Diese Anordnung der Schaltbrücke ist zweimal vorhanden, wobei die Linie 38 die Symmetrieebene
darstellt.
[0016] Die beiden Kontaktbrücken werden dadurch betätigt, daß das Betätigungsglied 9, 11
nach unten gedrückt wird, wodurch die beiden Betätigungsnocken 14 über den radial
hervorragenden Wippendrehpunkt 18 der jeweiligen Kontaktbrücke 17 vom oberen Schenkel
16 zum unteren Schenkel 19 ruckartig gleiten und damit ein Umspringen der beiden Kontaktbrücken
17 zur Verbindung des jeweiligen elektrischen Kontakts 20 mit dem Festkontakt 21 bewirken.

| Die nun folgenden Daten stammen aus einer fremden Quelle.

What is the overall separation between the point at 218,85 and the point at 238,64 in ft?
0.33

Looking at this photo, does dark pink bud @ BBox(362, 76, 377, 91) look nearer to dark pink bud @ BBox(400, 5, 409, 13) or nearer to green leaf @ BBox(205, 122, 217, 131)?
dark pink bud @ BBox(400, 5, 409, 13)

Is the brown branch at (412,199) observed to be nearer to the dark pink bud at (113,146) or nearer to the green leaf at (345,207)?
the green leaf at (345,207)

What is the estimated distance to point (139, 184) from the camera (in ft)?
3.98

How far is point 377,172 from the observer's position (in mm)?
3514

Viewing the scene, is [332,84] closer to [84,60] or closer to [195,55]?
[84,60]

[0017] Das aus den Seitenwänden 3 bis 6 sowie dem unteren Boden 7 bestehende Schaltergehäuse
ist nach oben hin für die Bestückung der Bauelemente offen ausgebildet. Nachdem der
elektrische Schalter vollständig zusammengebaut ist, wird das Schaltergehäuse von
oben her mit einem Deckel 28 abgedeckt, der zumindest im Bereich des Betätigungsglieds
9, 11 aus einem elastischen Material besteht. Dabei verschließt der Deckel 28 die
gesamte obere Gehäuseöffnung, wobei ein dünnwandiger, und damit elastischer, glockenförmiger
Balg 29 vorgesehen ist, durch dessen obere Öffnung 30 der Betätigungsstößel 11 des
Betätigungsglieds 9 hindurchtreten kann. Hierfür weist der Betätigungsstößel 11 eine
horizontal umlaufende Nut 31 auf, in welche der obere Rand 32 des glockenförmigen
Balgs einrastet.
[0018] Um eine weitere gute Abdichtung zwischen Gehäusedeckel 28 und Schaltergehäuse 2 zu
erreichen, weist das Schaltergehäuse in seinem oberen Bereich eine allseitig horizontal
umlaufende Nut 33 auf, in die ein am Deckel 28 angeformter, ebenfalls umlaufender
Steg 34 formschlüssig und eventuell zusätzlich kraftschlüssig einrastet. Die umlaufende
Nut 33 ist im mittleren Gehäusebereich nach innen gezogen und bildet eine zusätzliche
Fixierungs- und Abstützungsnut 35, in die ebenfalls ein zugehöriger Stegbereich des
Deckels 28 eingreift. Hierdurch ist auch eine Unterstützung und Fixierung im mittleren
Deckelbereich gewährleistet. Die Nut 33 kann auch durch eine entsprechende doppelwandige
Ausführungsform des Gehäuses in diesem Bereich ausgebildet sein.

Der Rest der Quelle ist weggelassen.